ABOUT THIS TASK:
Please give again, exactly and only, the stretch of lines from the one containing "Обои атмосфера, коричневый" to the end of the entries below.

Caption-style text data

□ □ □ □ □

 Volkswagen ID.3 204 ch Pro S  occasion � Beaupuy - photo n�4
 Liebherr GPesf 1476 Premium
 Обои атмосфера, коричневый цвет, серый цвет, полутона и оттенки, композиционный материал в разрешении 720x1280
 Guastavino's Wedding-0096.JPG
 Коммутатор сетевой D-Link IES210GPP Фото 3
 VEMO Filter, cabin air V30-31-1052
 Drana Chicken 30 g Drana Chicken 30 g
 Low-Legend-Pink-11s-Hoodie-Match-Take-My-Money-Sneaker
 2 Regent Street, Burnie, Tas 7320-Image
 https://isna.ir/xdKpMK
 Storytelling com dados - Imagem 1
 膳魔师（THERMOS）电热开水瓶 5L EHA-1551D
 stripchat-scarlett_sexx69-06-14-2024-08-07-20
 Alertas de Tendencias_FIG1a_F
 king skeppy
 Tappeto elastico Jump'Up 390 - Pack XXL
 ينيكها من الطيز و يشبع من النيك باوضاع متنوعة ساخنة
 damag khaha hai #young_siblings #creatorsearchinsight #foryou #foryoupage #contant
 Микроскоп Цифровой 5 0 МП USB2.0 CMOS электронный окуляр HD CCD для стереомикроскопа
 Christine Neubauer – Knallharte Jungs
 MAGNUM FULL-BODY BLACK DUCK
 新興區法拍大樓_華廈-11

□ □ □ □ □

FINAL ANSWER:
 Обои атмосфера, коричневый цвет, серый цвет, полутона и оттенки, композиционный материал в разрешении 720x1280
 Guastavino's Wedding-0096.JPG
 Коммутатор сетевой D-Link IES210GPP Фото 3
 VEMO Filter, cabin air V30-31-1052
 Drana Chicken 30 g Drana Chicken 30 g
 Low-Legend-Pink-11s-Hoodie-Match-Take-My-Money-Sneaker
 2 Regent Street, Burnie, Tas 7320-Image
 https://isna.ir/xdKpMK
 Storytelling com dados - Imagem 1
 膳魔师（THERMOS）电热开水瓶 5L EHA-1551D
 stripchat-scarlett_sexx69-06-14-2024-08-07-20
 Alertas de Tendencias_FIG1a_F
 king skeppy
 Tappeto elastico Jump'Up 390 - Pack XXL
 ينيكها من الطيز و يشبع من النيك باوضاع متنوعة ساخنة
 damag khaha hai #young_siblings #creatorsearchinsight #foryou #foryoupage #contant
 Микроскоп Цифровой 5 0 МП USB2.0 CMOS электронный окуляр HD CCD для стереомикроскопа
 Christine Neubauer – Knallharte Jungs
 MAGNUM FULL-BODY BLACK DUCK
 新興區法拍大樓_華廈-11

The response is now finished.